§ WORK ORDER: Only the pictures are to be dropped, and the rest of the data should be copied exactly.
Top of PROVIDED RECORDS
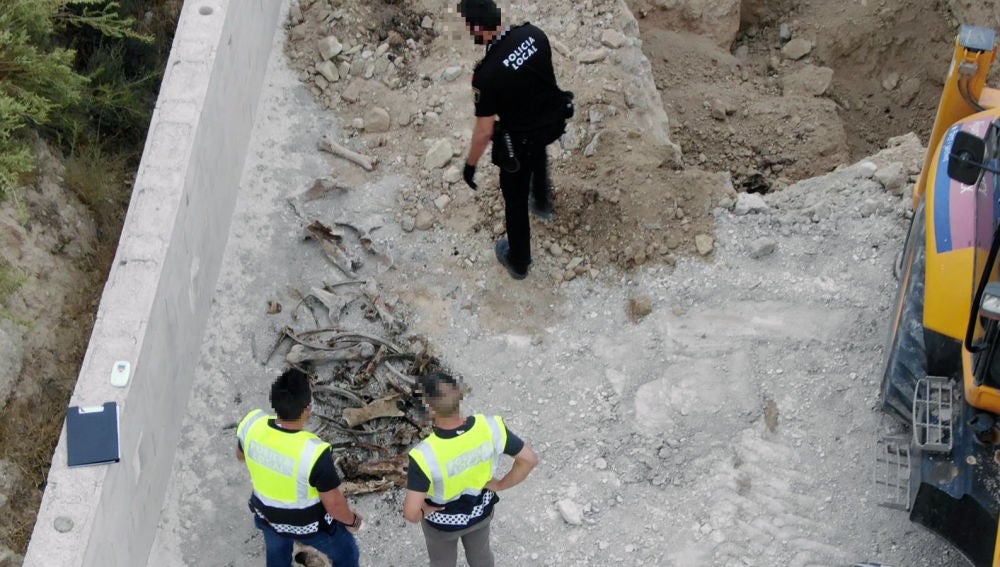 Agentes de la policía junto a restos óseos de animales encontrados en la finca del detenido en Elche.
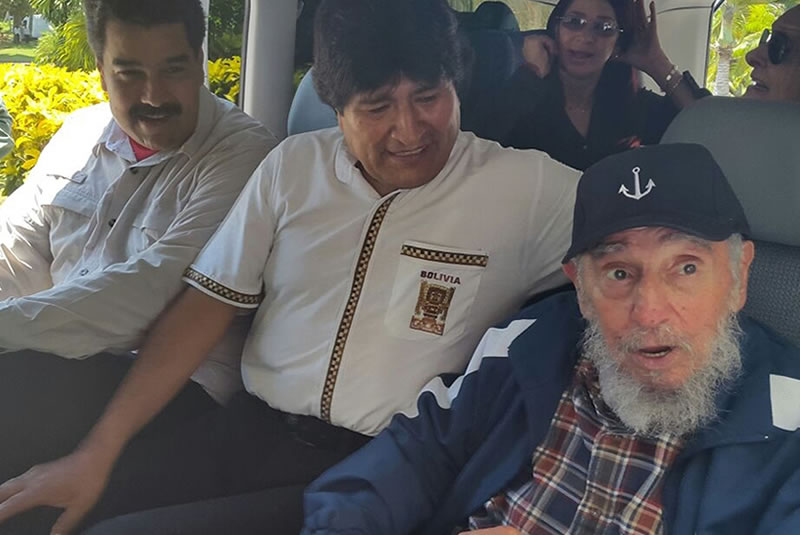 Fidel Castro celebra su cumpleaños con Maduro y Morales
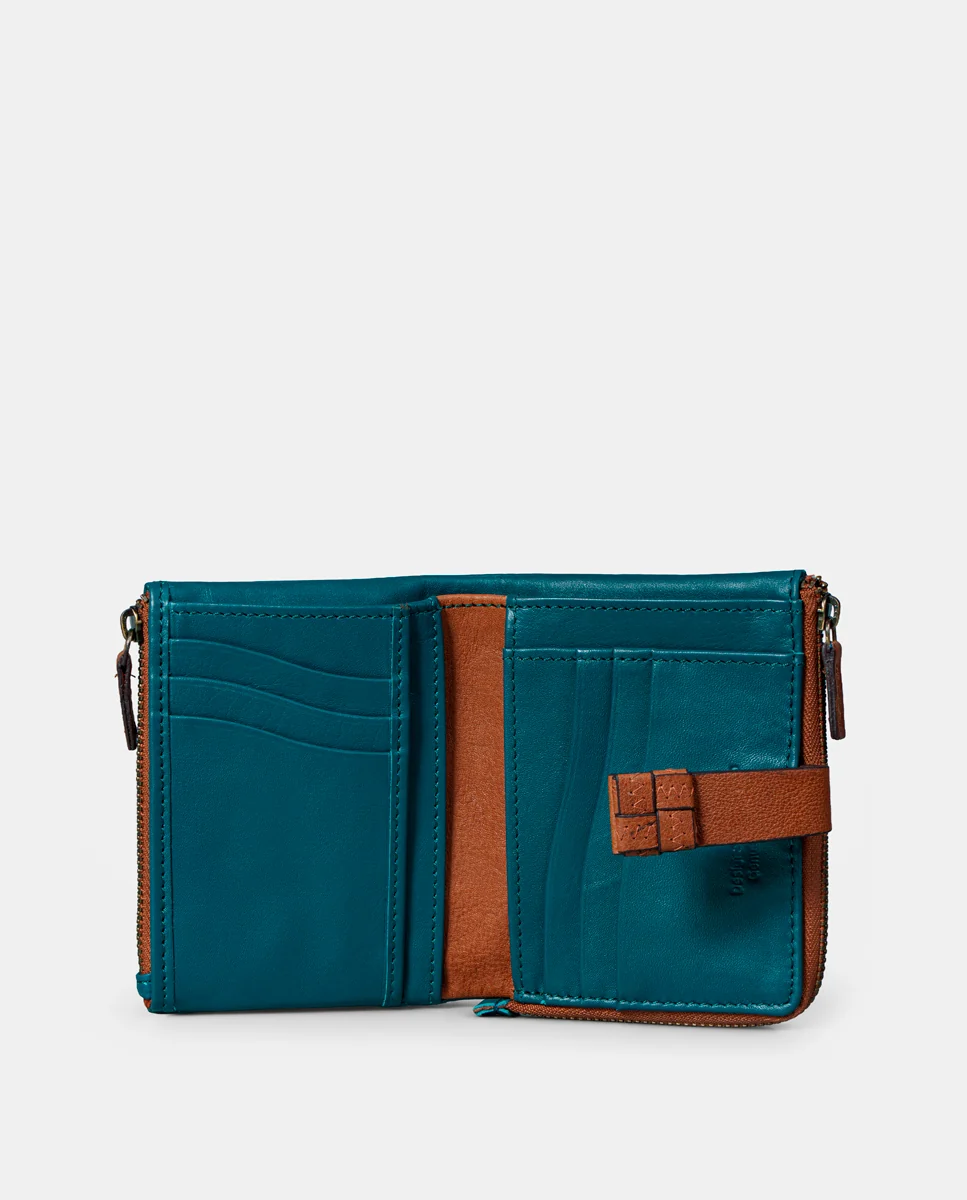 Cartera pequeña de mujer en piel azul - Imagen 3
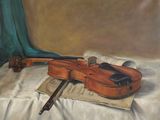 an oil painting of a violin and sheet music on a bed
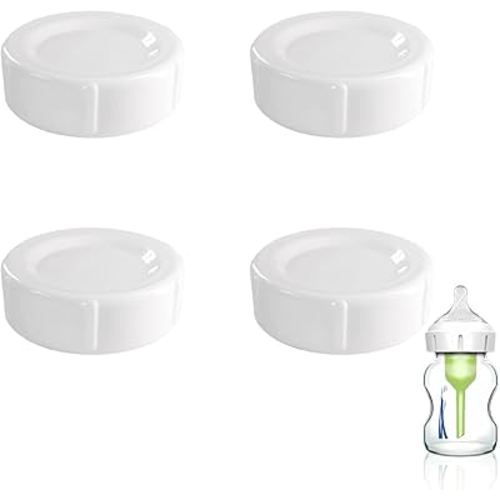 4pcs Wide Bottle Caps Compatible for Wide-Neck Natural Flow Dr Brown Bottles,BPA Free Travel and Storage Baby Bottle Lids Replacement Parts with Sealing Gasket for Baby Bottles Accessory (White)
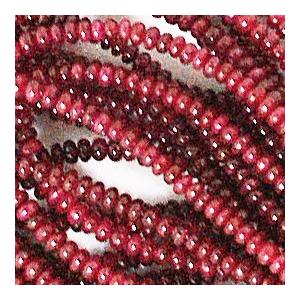 ルビー /ロンデルビーズ/ 約2x1-3x2mm  /1/4連 約10cm/ 天然石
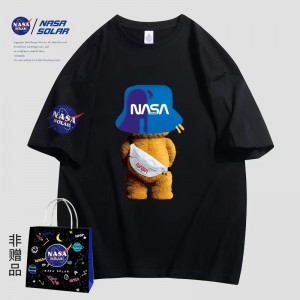 ​NASA SOLAR联名款2022夏季情侣纯棉圆领短袖T恤男女宽松上衣潮牌【包邮】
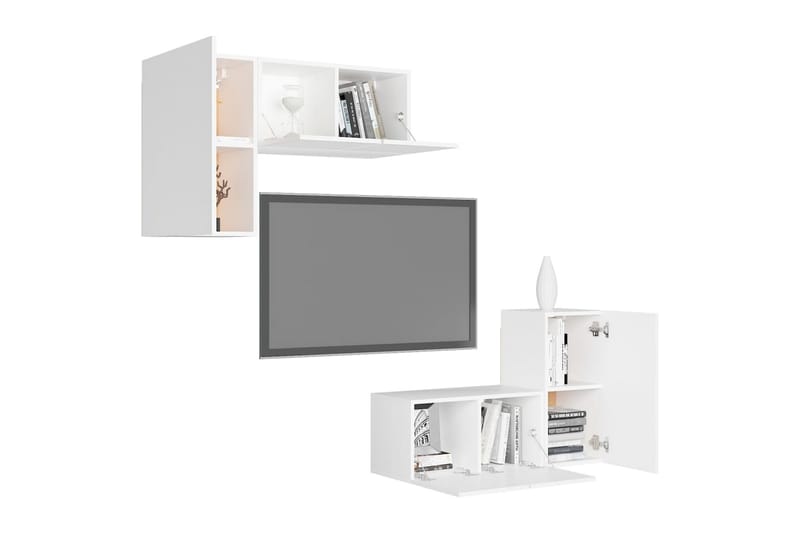 TV-skåp 4 delar vit spånskiva - Vit - Möbler - Tv möbel & mediamöbel - TV skåp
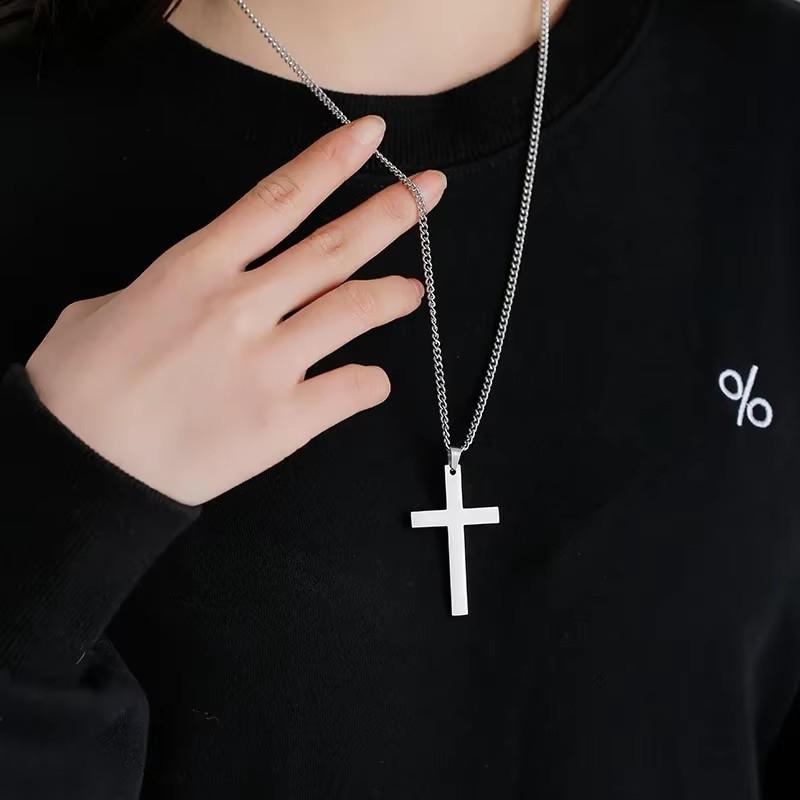 Unisex Stainless Steel Cross Pendant Necklace Punk Hip Hop Chain Vintage Crucifix Rosary Beads Charm Cool Gift for All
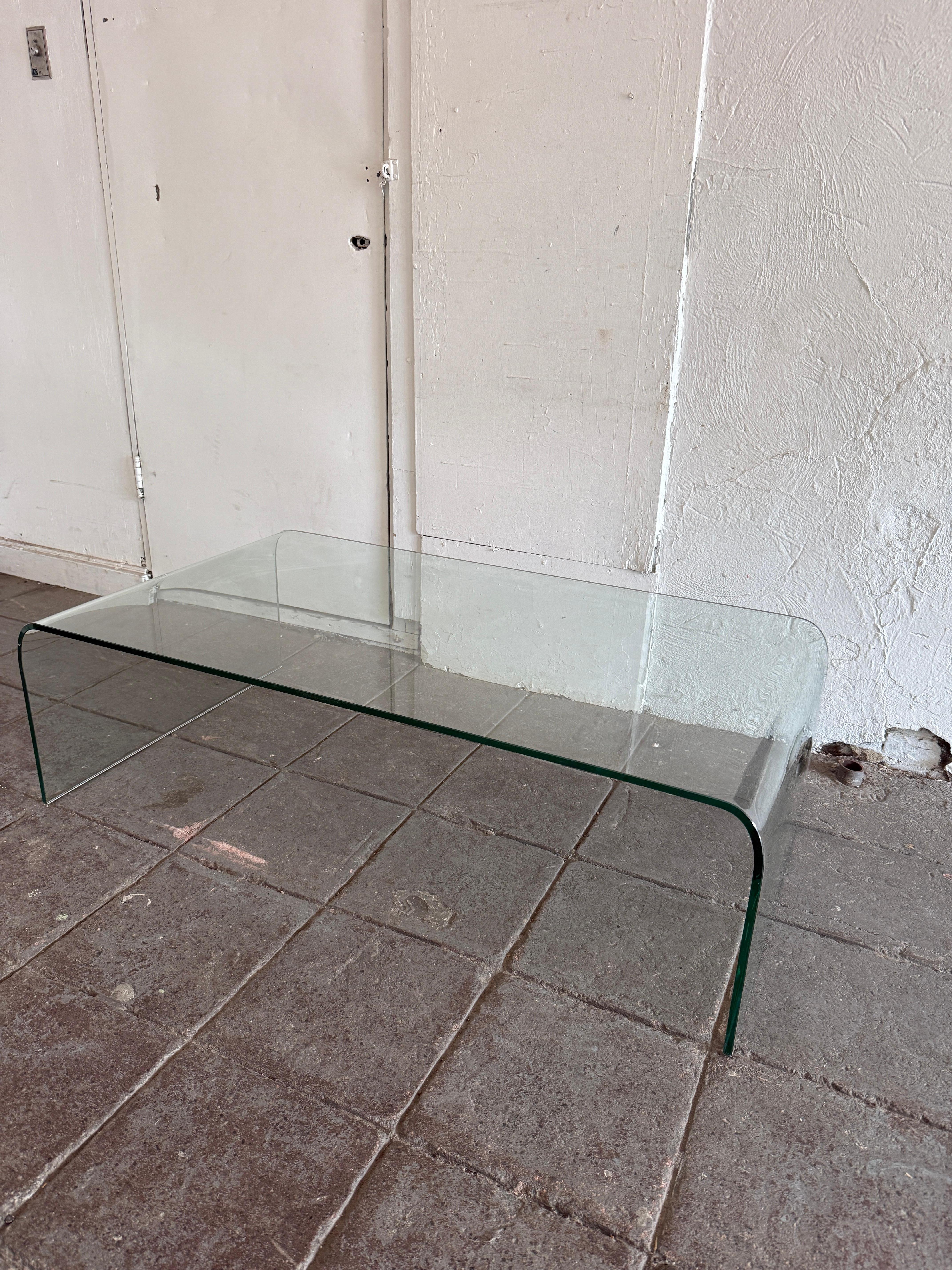 Italian Mid century Postmodern glass waterfall coffee table For Sale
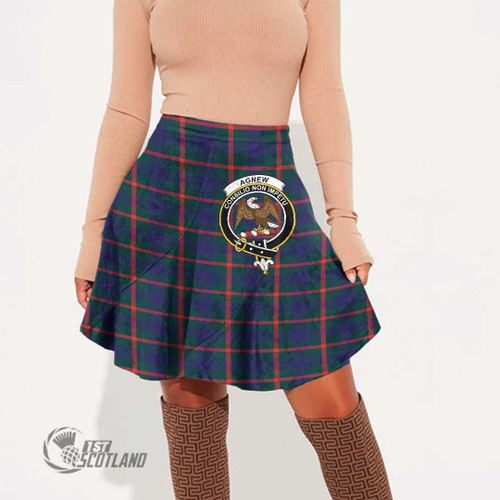 Agnew Modern Women Skirt - Full Plaid Tartan Crest Mini Skirt A7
Bottom of PROVIDED RECORDS
§ ANSWER BELOW:
 Agentes de la policía junto a restos óseos de animales encontrados en la finca del detenido en Elche.
 Fidel Castro celebra su cumpleaños con Maduro y Morales
 Cartera pequeña de mujer en piel azul - Imagen 3
 an oil painting of a violin and sheet music on a bed
 4pcs Wide Bottle Caps Compatible for Wide-Neck Natural Flow Dr Brown Bottles,BPA Free Travel and Storage Baby Bottle Lids Replacement Parts with Sealing Gasket for Baby Bottles Accessory (White)
 ルビー /ロンデルビーズ/ 約2x1-3x2mm  /1/4連 約10cm/ 天然石
 ​NASA SOLAR联名款2022夏季情侣纯棉圆领短袖T恤男女宽松上衣潮牌【包邮】
 TV-skåp 4 delar vit spånskiva - Vit - Möbler - Tv möbel & mediamöbel - TV skåp
 Unisex Stainless Steel Cross Pendant Necklace Punk Hip Hop Chain Vintage Crucifix Rosary Beads Charm Cool Gift for All
 Italian Mid century Postmodern glass waterfall coffee table For Sale
 Agnew Modern Women Skirt - Full Plaid Tartan Crest Mini Skirt A7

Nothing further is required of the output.